England’s 2022 FIFA World Cup campaign came to a sudden end as they were defeated 2-1 by Didier Deschamps’ France in Qatar.
Oliver Giroud bagged the winner in a tense, even game that showcased the best of both teams. Though Kylian Mbappe was quiet, his compatriot Antoine Greizmann pulled the strings by grabbing two assists. Aurelien Tchouameni tucked home a smart strike early on, yet this was the only notable thing Les Bleus managed in the first half.
The reigning champions came out on top in score only, however, as they were the much-inferior team for the lion’s share of the game. Centre-backs Raphael Varane and Dayot Upamecano had a torrid game against Southgate’s lions, and had to resort to last-minute fouls to stop the English from scoring.
What Could Have Been
Shades of the Euro 2004 clash flashed before my eyes as the French took home an undeserved 2-1 victory. In the game 18 years ago, David Beckham missed a penalty, much like Harry Kane, who set his spot-kick so far over the bar it almost reached orbit.
Whilst I have to commend France for their victory, I can’t help but think what could have been.

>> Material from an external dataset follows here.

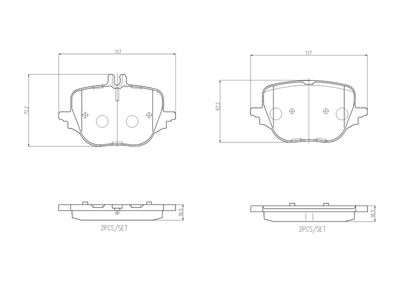 Brake Pad Set, disc brake BREMBO P 50 169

By far the best team at the tournament, England leave the 2022 World Cup as unapologetic martyrs. In the face of arguably the world’s best team, the Three Lions refused to compromise their style and play into France’s hands, instead, we gave it our all, and, sadly, the worse team won on this occasion.
Captain Harry Kane looked pensive upon full-time as the Tottenham striker knew his penalty miss was the reason why extra-time wasn’t a possibility. With stars like Jack Grealish, James Maddison, and Trent Alexander-Arnold waiting, it’s likely the French would have crumbled as the game went on.
A World Cup Of Shocks
I take nothing away from the effort of the team, however. Though a quarter-final exit is heartbreakingly early, let’s not forget that Qatar 2022 seems to be the World Cup of shocks. Portugal, Brazil, Spain, and Germany have all exited, whilst Croatia and Morocco are in the final four. Perhaps it just wasn’t meant to be for England this year, though I still consider them the rightful winners.
The good news is that by the 2026 World Cup, the crop of players we currently have will still be young and at the top of their game. Notably, the next World Cup will coincide with the 60th anniversary of England’s sole major trophy win - is it fate? I think so.